Sniffing out the brain’s smelling power

Since their discovery over 100 years ago, neurons called tufted cells, in the brain’s olfactory bulb, have been difficult to study. The close proximity between tufted cells and other neurons called mitral cells has restricted researchers’ ability to dissect each individual neuron’s activity. However, by leveraging fluorescent genetic markers and new optical imaging technologies, Cold Spring Harbor Laboratory (CSHL) neuroscientists have been able to compare the neurons’ activity.

CSHL Associate Professor Florin Albeanu and Assistant Professor Arkarup Banerjee discovered that tufted cells are better at recognizing smells than mitral cells. They’ve found that tufted cells are essential to one of two parallel neural circuit loops that help the brain process different odor features. The findings help explain how the brain takes in sensory information that influences behavior and emotions.

The researchers exposed mice to various odors, from fresh mint to sweet bananas, at different concentrations. They simultaneously tracked the neural activity of the two cell types and found that tufted cells outperformed mitral cells. They were faster and better at distinguishing smells. They also captured a wider range of concentrations. While this illuminated a new role for tufted cells, it also led to a new unanswered question: “If tufted cells are actually better at recognizing odors, what then is the function of mitral cells?” said Albeanu.
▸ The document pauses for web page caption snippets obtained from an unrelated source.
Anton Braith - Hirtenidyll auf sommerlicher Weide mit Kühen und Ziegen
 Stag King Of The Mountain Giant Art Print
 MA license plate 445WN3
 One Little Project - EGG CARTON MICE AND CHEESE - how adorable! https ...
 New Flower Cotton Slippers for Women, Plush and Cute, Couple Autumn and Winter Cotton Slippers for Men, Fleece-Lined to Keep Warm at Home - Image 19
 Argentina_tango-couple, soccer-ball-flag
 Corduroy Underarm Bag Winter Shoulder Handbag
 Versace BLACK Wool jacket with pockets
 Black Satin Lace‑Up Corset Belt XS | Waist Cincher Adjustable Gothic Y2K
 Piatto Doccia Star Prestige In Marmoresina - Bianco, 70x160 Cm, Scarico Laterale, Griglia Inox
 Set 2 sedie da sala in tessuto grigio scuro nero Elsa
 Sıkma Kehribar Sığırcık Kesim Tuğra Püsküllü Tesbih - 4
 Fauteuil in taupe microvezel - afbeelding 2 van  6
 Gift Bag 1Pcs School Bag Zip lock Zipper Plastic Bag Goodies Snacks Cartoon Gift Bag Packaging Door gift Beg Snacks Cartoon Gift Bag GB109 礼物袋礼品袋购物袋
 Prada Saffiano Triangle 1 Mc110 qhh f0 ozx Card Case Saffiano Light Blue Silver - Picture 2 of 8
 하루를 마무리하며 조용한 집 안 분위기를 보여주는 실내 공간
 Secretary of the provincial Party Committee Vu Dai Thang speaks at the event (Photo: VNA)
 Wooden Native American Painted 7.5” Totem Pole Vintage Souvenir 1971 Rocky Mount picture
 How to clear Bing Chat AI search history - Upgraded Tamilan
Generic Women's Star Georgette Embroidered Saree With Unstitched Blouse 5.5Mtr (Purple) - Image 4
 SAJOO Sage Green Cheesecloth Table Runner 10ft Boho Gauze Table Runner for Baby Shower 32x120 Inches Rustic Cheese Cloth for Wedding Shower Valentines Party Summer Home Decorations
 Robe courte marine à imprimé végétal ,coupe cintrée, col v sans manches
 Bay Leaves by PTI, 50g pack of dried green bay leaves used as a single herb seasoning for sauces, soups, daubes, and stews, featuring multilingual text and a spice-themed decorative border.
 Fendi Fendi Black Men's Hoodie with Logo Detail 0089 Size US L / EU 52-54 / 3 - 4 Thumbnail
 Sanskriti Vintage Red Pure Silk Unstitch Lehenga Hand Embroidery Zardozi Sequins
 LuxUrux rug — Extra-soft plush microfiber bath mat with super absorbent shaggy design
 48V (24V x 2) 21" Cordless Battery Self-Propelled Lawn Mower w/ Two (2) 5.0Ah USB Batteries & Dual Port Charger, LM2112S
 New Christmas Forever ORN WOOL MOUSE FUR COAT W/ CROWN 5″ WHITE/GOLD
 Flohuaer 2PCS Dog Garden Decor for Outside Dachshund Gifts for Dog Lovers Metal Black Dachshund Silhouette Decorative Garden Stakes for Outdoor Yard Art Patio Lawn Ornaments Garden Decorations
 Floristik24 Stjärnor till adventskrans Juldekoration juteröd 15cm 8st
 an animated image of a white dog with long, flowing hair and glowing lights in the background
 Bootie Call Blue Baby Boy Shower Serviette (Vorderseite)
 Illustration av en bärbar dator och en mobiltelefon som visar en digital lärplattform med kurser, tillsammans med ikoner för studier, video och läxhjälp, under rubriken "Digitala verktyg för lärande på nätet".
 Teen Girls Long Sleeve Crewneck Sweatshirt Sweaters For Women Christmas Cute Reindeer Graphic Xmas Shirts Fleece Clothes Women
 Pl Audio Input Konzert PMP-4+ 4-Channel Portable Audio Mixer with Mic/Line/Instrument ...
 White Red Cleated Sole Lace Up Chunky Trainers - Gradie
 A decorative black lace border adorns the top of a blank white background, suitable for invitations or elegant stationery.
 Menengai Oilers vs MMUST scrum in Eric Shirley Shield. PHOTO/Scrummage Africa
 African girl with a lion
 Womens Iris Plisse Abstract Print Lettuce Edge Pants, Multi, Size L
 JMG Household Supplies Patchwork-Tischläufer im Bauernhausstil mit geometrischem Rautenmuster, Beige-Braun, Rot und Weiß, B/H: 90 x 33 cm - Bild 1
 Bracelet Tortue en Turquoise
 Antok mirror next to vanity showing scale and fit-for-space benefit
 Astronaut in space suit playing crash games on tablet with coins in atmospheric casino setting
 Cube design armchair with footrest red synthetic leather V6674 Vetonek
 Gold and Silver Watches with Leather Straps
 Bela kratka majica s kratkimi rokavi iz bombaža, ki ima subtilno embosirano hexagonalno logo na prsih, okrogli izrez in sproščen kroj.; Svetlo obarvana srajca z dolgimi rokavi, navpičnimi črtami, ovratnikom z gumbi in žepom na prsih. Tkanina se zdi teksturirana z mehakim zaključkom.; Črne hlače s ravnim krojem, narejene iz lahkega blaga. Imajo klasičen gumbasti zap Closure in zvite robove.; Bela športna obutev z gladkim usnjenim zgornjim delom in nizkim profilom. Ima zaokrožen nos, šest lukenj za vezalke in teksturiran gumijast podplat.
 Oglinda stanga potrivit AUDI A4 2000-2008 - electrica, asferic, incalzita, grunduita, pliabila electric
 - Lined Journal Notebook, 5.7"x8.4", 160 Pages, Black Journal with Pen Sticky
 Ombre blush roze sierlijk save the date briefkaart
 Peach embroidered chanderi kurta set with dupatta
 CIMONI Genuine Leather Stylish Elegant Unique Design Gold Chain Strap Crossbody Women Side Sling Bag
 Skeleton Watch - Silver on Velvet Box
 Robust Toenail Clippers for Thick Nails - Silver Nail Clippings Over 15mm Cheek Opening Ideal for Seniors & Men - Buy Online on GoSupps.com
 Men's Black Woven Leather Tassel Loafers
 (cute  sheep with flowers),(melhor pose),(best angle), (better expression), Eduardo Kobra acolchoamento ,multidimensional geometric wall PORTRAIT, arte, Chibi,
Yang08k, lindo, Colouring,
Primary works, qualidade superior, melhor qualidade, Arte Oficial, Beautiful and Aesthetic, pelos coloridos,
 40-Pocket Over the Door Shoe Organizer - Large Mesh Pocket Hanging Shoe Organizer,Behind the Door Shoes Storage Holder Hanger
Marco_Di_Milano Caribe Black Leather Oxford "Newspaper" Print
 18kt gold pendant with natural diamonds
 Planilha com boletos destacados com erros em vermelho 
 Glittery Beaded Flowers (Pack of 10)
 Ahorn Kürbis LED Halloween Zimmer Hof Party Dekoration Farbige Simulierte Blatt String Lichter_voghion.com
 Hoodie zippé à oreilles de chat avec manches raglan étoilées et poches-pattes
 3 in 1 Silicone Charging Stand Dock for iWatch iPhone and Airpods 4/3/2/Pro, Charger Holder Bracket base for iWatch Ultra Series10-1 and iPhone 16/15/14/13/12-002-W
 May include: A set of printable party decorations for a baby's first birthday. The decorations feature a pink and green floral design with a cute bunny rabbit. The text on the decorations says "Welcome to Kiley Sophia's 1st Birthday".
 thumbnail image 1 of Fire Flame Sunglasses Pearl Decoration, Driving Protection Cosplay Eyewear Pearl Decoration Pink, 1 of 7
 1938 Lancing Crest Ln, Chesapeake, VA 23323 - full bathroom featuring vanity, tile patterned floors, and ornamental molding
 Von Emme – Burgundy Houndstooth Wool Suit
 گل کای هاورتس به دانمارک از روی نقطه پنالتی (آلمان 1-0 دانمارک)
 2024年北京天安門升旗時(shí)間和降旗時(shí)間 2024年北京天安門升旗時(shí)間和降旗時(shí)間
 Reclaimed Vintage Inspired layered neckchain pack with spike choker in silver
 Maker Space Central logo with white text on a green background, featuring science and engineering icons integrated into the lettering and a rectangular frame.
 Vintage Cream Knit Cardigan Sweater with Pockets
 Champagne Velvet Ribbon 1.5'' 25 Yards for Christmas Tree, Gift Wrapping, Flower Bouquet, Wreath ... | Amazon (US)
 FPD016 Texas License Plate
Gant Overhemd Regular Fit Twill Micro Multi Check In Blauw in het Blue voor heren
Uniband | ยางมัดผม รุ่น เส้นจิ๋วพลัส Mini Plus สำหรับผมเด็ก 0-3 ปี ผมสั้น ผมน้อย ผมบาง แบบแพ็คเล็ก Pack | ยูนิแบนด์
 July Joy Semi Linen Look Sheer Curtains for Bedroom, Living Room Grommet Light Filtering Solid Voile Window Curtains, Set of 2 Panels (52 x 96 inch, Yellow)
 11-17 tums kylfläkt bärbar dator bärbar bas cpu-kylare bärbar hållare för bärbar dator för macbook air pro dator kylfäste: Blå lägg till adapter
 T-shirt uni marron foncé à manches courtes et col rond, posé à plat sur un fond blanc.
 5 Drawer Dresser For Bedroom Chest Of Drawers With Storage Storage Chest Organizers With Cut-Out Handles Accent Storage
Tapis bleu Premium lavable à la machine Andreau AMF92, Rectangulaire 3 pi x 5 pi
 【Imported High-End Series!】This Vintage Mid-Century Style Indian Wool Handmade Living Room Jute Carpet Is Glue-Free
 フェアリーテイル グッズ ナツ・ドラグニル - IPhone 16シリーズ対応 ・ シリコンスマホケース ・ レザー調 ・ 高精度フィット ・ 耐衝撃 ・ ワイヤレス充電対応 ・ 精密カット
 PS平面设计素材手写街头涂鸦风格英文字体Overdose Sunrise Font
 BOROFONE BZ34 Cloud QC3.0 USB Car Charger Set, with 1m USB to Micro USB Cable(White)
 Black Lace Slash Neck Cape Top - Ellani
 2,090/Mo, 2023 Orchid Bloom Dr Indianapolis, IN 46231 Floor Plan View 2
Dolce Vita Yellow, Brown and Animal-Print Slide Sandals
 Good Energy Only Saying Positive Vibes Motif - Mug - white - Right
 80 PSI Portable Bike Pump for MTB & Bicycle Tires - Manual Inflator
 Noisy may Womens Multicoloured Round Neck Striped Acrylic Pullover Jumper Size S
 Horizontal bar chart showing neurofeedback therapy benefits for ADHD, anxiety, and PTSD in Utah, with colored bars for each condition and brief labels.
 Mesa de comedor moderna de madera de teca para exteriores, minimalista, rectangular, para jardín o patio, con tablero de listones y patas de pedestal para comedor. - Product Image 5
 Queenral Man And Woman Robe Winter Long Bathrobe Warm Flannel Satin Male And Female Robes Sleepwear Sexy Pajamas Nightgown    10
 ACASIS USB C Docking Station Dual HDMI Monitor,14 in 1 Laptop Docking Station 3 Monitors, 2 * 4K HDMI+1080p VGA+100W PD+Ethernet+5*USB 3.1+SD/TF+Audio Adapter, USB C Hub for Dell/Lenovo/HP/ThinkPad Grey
Albeanu and Banerjee think mitral cells enhance important smells. They are part of a neural feedback loop that may help an animal prioritize, for example, the smell of food or a predator. In contrast, the tufted cells are part of a second feedback loop that helps process smell intensity and identity. This can guide animals locating odors in the environment. Banerjee explains, “If you can’t tell whether it’s high [intensity] versus low [intensity], then you can’t track an odor. There’s no way to know that you’re actually getting closer to the odor source if you can’t tell the difference.”

The two neural circuit loops offer novel explanations for how the brain processes sensory information. Going forward, the new genetic and optical imaging tools used by the CSHL team, which includes postdoc Honggoo Chae and graduate student Marie Dussauze, can uncover more undervalued neurons involved in sensory processing.